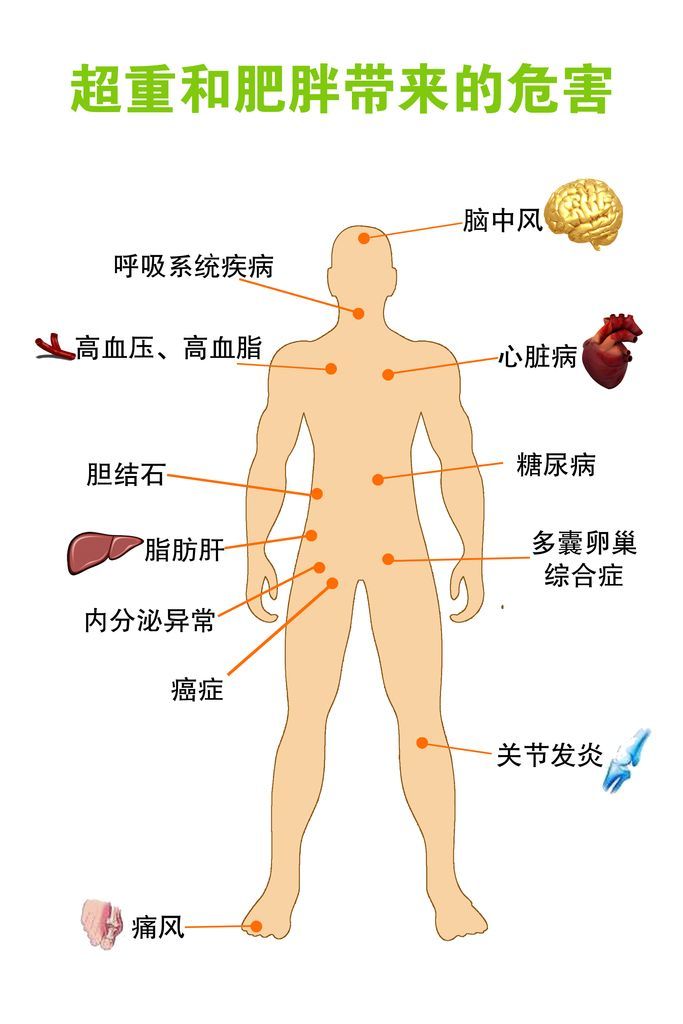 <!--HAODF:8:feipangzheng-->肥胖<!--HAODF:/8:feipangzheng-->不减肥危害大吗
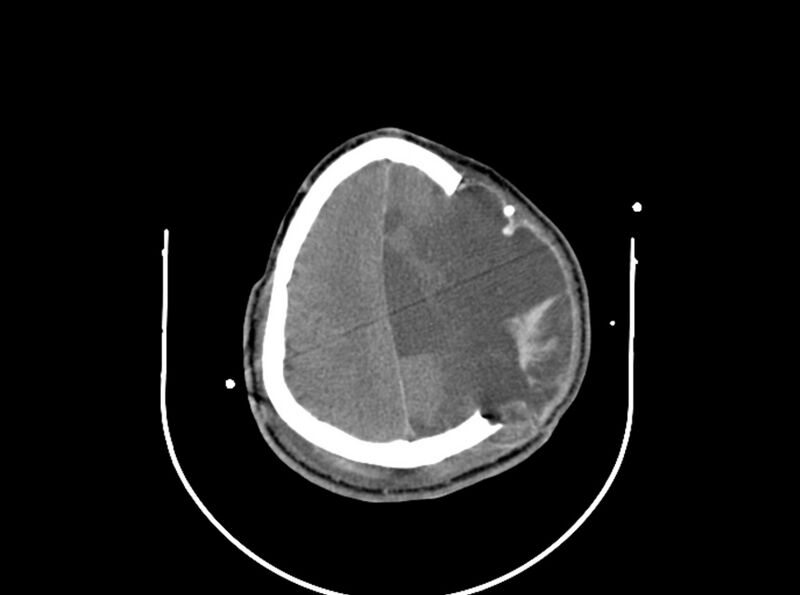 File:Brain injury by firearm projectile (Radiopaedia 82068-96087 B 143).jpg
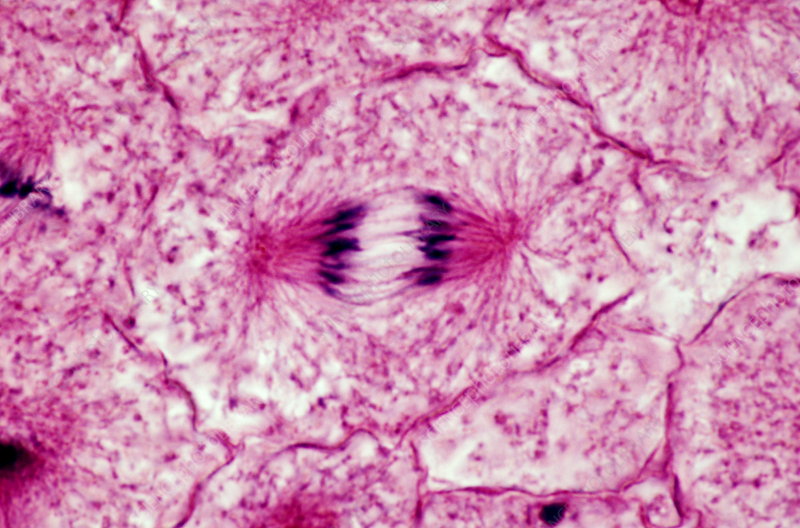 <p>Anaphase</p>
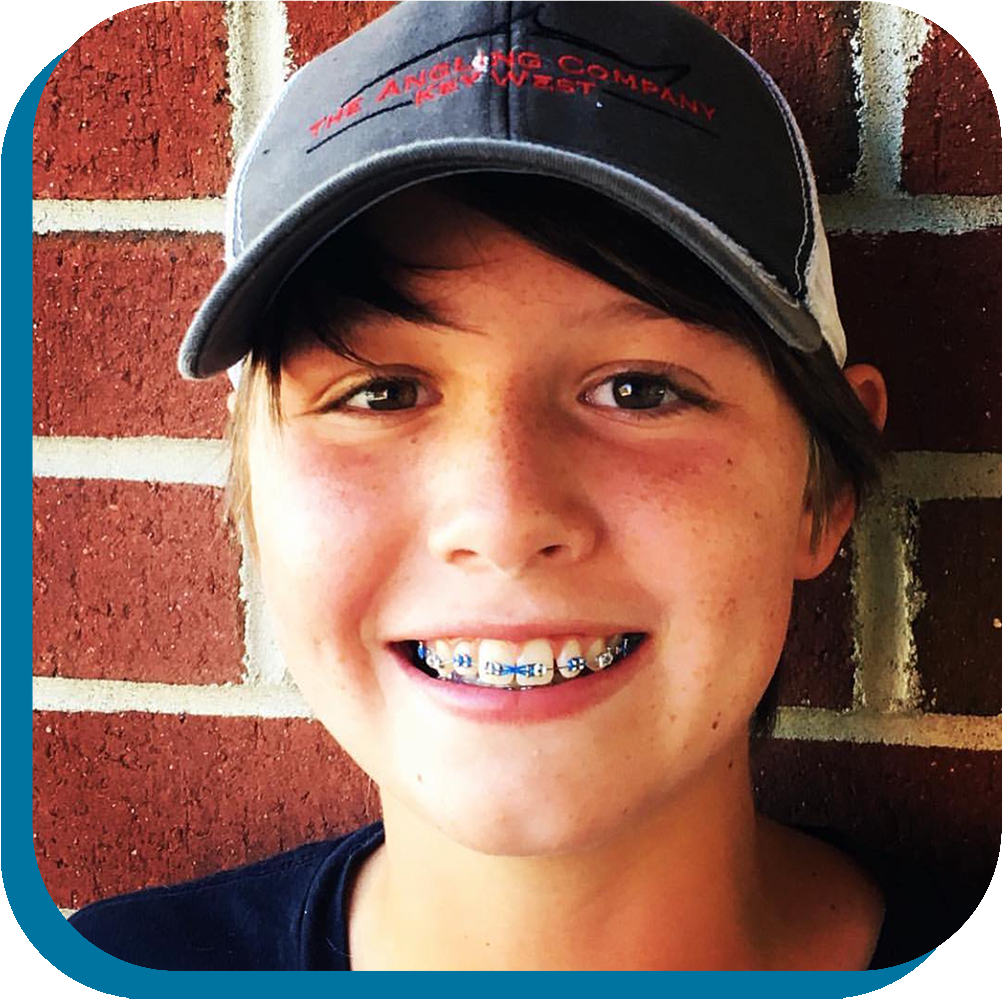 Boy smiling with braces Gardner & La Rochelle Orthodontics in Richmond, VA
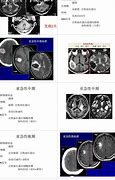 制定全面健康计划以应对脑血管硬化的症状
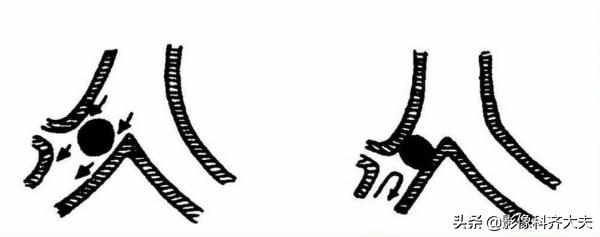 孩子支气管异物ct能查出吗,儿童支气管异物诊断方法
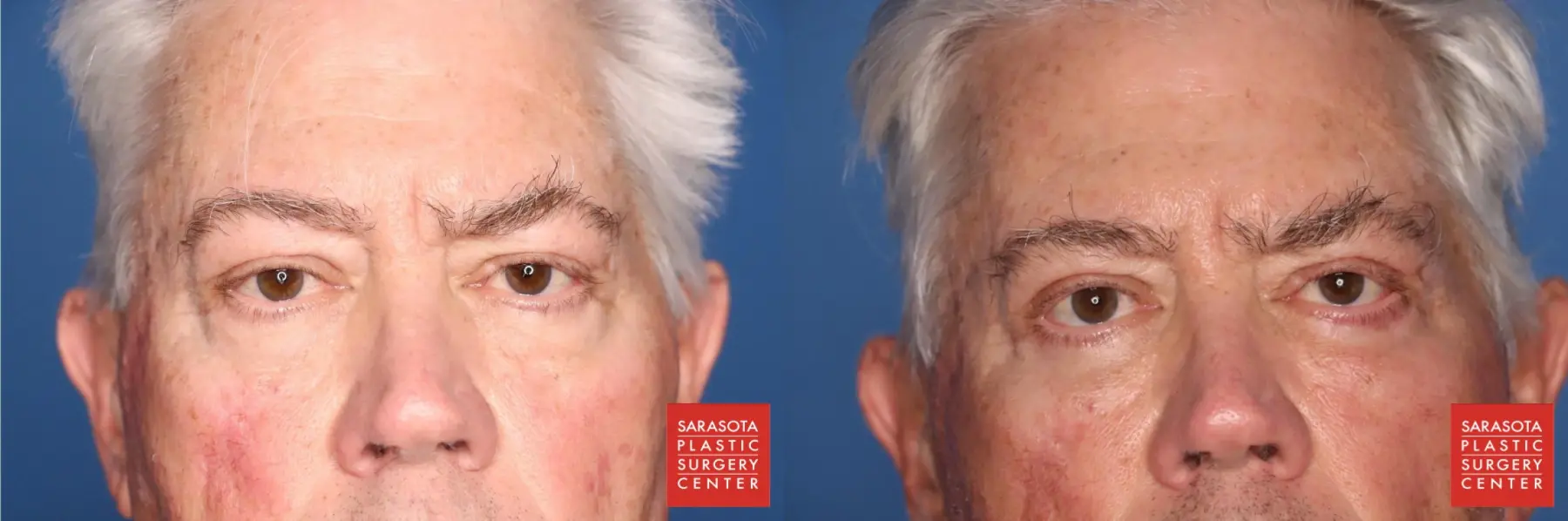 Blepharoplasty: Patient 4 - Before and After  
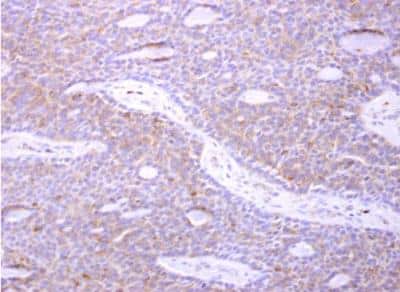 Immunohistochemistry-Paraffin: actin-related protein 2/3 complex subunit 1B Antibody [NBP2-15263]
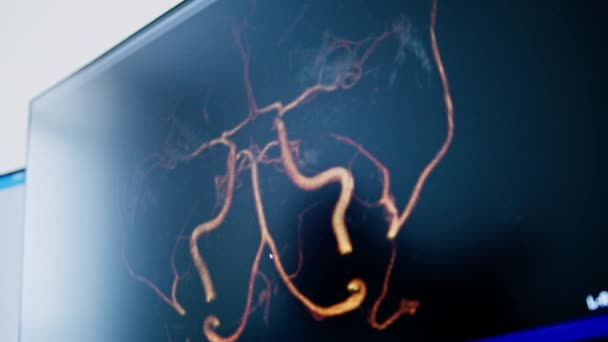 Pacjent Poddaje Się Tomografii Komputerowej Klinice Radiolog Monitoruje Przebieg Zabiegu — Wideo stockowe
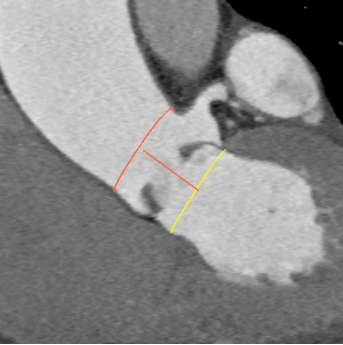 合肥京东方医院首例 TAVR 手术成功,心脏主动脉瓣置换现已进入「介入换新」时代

...

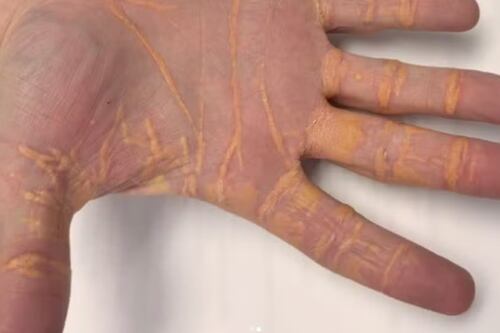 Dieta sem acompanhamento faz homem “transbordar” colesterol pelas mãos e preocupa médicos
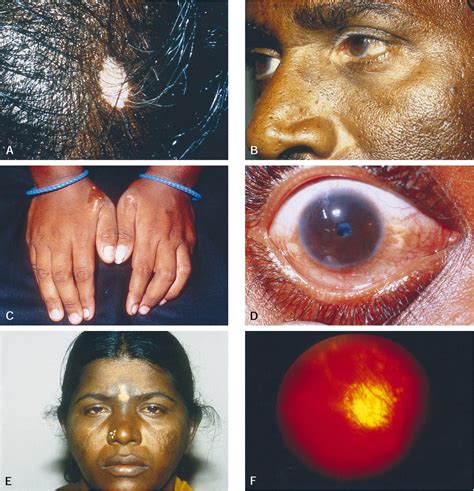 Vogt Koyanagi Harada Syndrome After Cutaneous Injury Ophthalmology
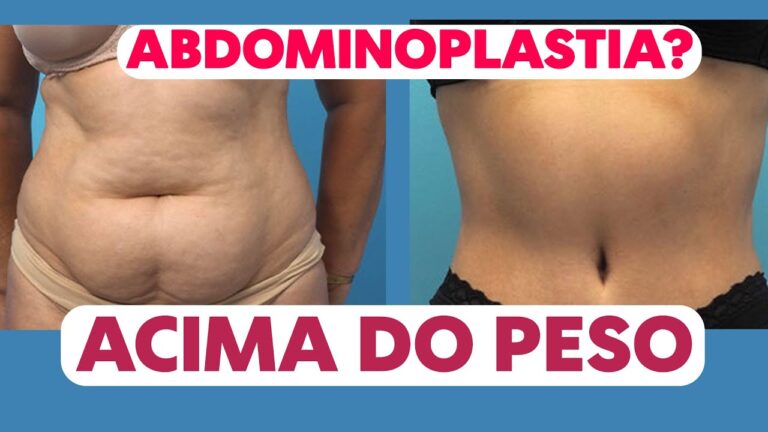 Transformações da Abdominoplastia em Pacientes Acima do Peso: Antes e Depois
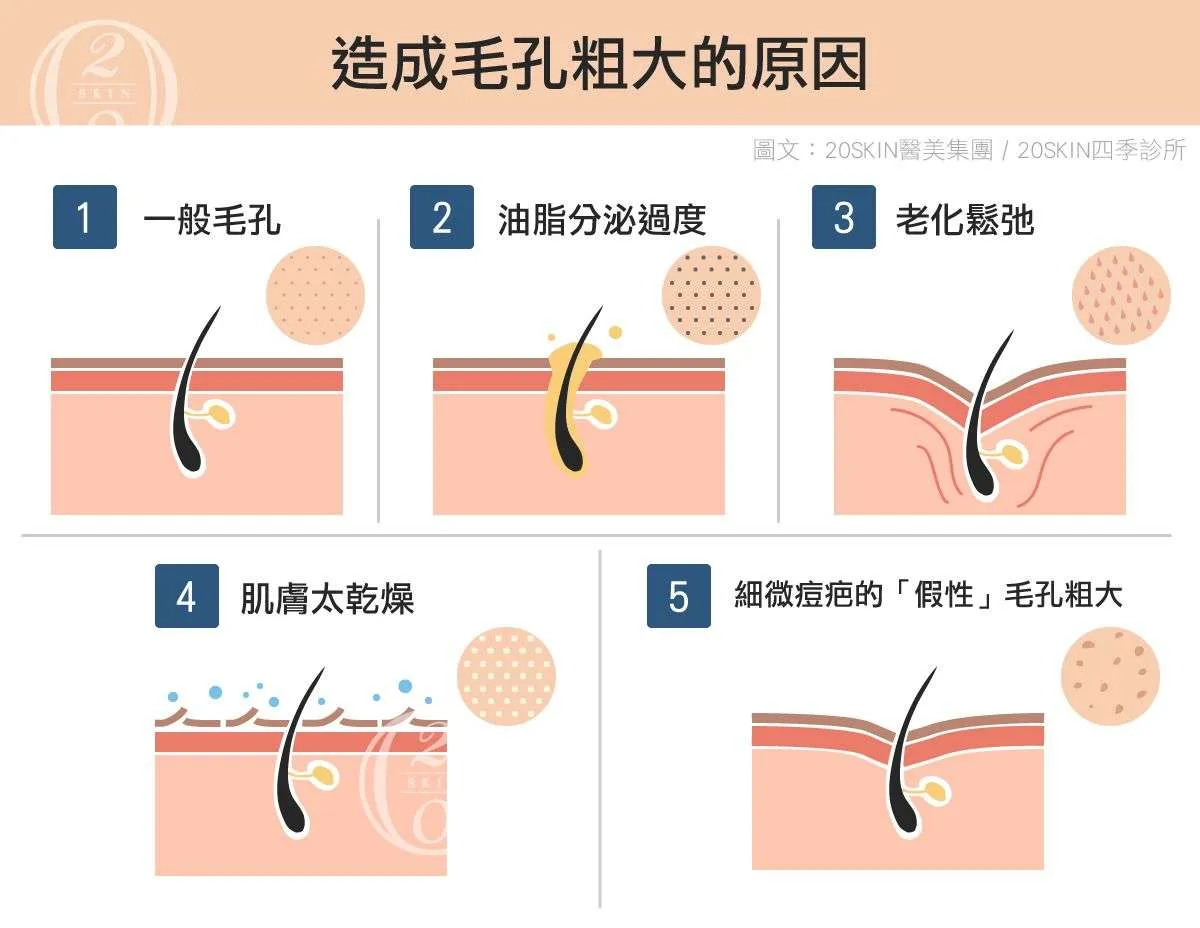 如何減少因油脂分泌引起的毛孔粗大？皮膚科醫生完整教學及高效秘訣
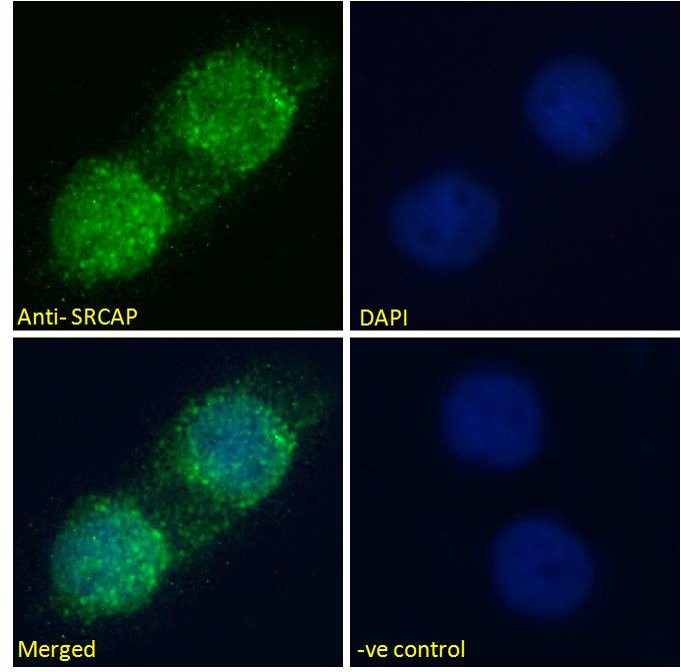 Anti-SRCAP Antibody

==

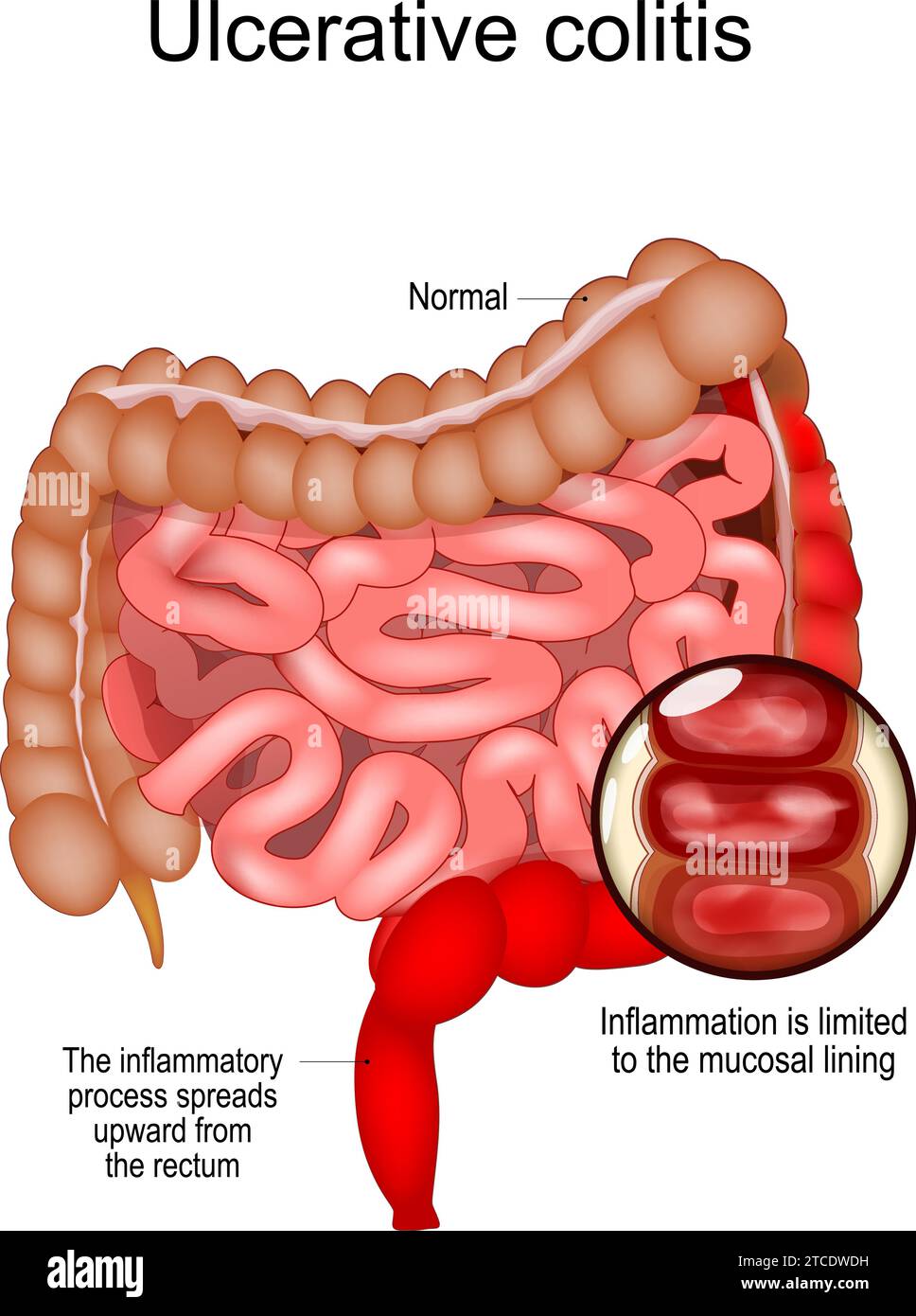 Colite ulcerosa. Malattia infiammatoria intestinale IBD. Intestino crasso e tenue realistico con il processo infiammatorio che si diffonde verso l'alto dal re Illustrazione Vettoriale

## [PROBLEM DETAILS]
From the records above, quote word for word only the lines beginning at the line that has "孩子支气管异物ct能查出吗,儿童支气管异物诊断方法" and stopping after the line that has "合肥京东方医院首例 TAVR 手术成功,心脏主动脉瓣置换现已进入「介入换新」时代". Omit the pictures.

## [EXERCISE ANSWER]
 孩子支气管异物ct能查出吗,儿童支气管异物诊断方法
 Blepharoplasty: Patient 4 - Before and After  
 Immunohistochemistry-Paraffin: actin-related protein 2/3 complex subunit 1B Antibody [NBP2-15263]
 Pacjent Poddaje Się Tomografii Komputerowej Klinice Radiolog Monitoruje Przebieg Zabiegu — Wideo stockowe
 合肥京东方医院首例 TAVR 手术成功,心脏主动脉瓣置换现已进入「介入换新」时代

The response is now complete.